When countries have limited regulatory oversight and shareholder protections, some investors may steer clear. But if regulators there cooperate and agree to share information with global counterparts, that can boost investment, research suggests.

“Our evidence is particularly relevant as regulators and investors consider adopting and expanding information-sharing and cooperation arrangements,” write University of North Carolina’s Mark Lang, Chicago Booth’s Mark G. Maffett, University of Michigan’s James D. Omartian, and University of Utah’s Roger Silvers.

The researchers analyzed the effects of the Multilateral Memorandum of Understanding, a nonbinding agreement between global securities regulators created in the wake of the 9/11 terrorist attacks. More than 100 regulators have signed the MMoU, agreeing to cooperate and share information.

The United States was one of the first countries to sign, in 2002, and in some sense the MMoU gives more influence to the US Securities and Exchange Commission. The SEC’s jurisdiction is largely limited to the US, and its primary mandate is to protect US investors and exchanges. However, the MMoU makes it easier for the SEC to enforce laws that companies cross-listed on a foreign exchange are supposed to follow.

Lang, Maffett, Omartian, and Silvers used data covering $2.2 trillion of investments across 1,232 mutual funds from 65 countries to analyze what happened after each signing country adopted the agreement. Joining the MMoU was good for cross-listed companies, they find, as funds moved money into companies that were subject to increased SEC oversight. This MMoU effect tilted holdings 5 percent toward cross-listed stocks relative to those listed on only a home country’s exchange.

While US investors put 2 percent more into cross-listed stocks, investors outside the US boosted their investment 7 percent. “The difference between US funds and non-US funds is significant, suggesting that non-US investors are the primary beneficiaries of the increase in SEC oversight accompanying the MMoU,” write the researchers.

Large institutional investors outside the US were likely seeking the protections of SEC-style oversight, the researchers surmise, noting that the effects were even stronger after a US Supreme Court decision limited the legal rights of non-US investors in US courts. The fact that non-US investors moved even more strongly into cross-listed stocks after this decision, which limited their ability to pursue private legal action, the researchers consider further indication that foreign investors sought the protections of greater oversight.

Moreover, the MMoU led to more investment in securities directly subject to SEC oversight. Investors typically increased their holdings in SEC-registered American depositary receipts, stocks that trade in the US but represent shares in a foreign company. “We find evidence of a significant increase in non-US foreign ownership of SEC-registered ADRs but no evidence of an increase in ownership of non-registered ADRs,” write the researchers.

Most of the increased holdings occurred on a country’s own stock exchange, however, providing evidence that the additional SEC oversight primarily affected non-US investors trading foreign stocks on local exchanges.
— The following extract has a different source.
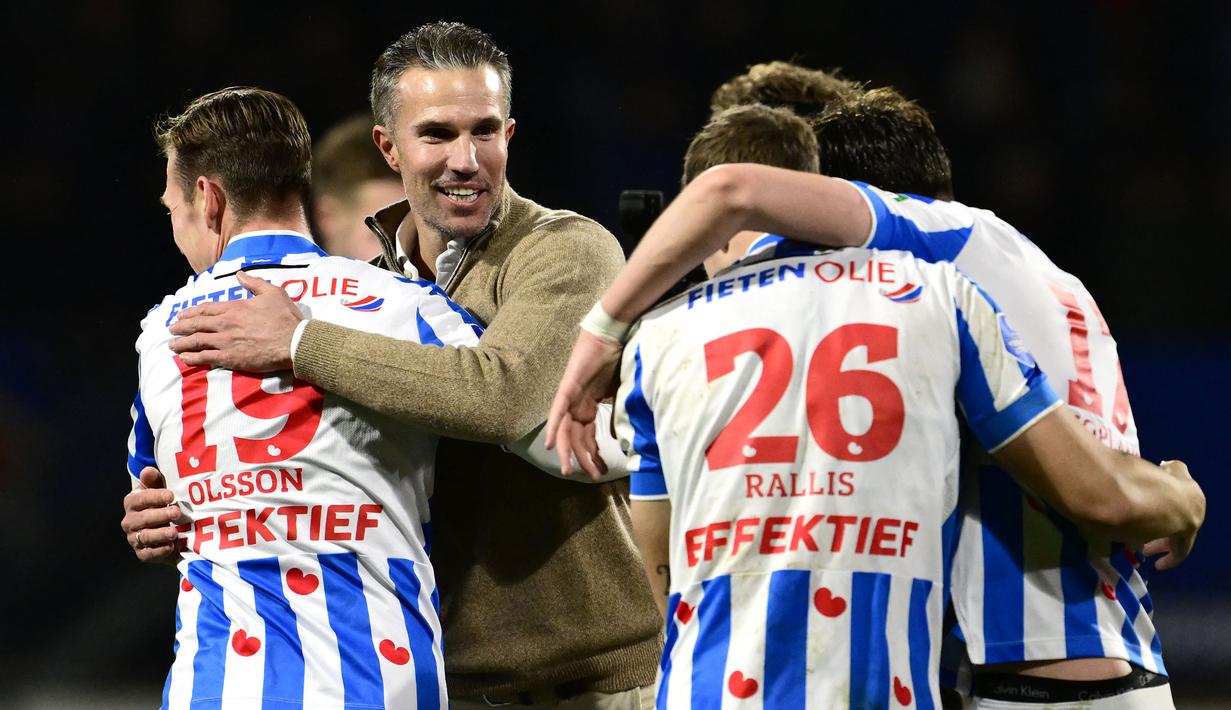 Sebelumnya, Robin van Persie sebelumnya menjabat sebagai pelatih kepala di Heerenveen pada musim 2024/2025 dengan mengemas 9 kemenangan, 6 seri, dan 11 kekalahan dalam 26 pertandingan. (AFP/ANP/Olaf Kraak)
The MMoU effect was particularly pronounced in countries that had previously had weak economic ties to the US and had lacked a working relationship with the SEC. And the agreement attracted long-term investors, who increased their holdings more than twice as much as short-term investors did.

Prior to the MMoU, the researchers write, regulators in different countries collaborated rarely and with difficulty—and now the International Organization of Securities Commissions is in the process of enhancing the agreement. The research findings suggest that as countries weigh what to do, they should note who benefits from additional investor protections.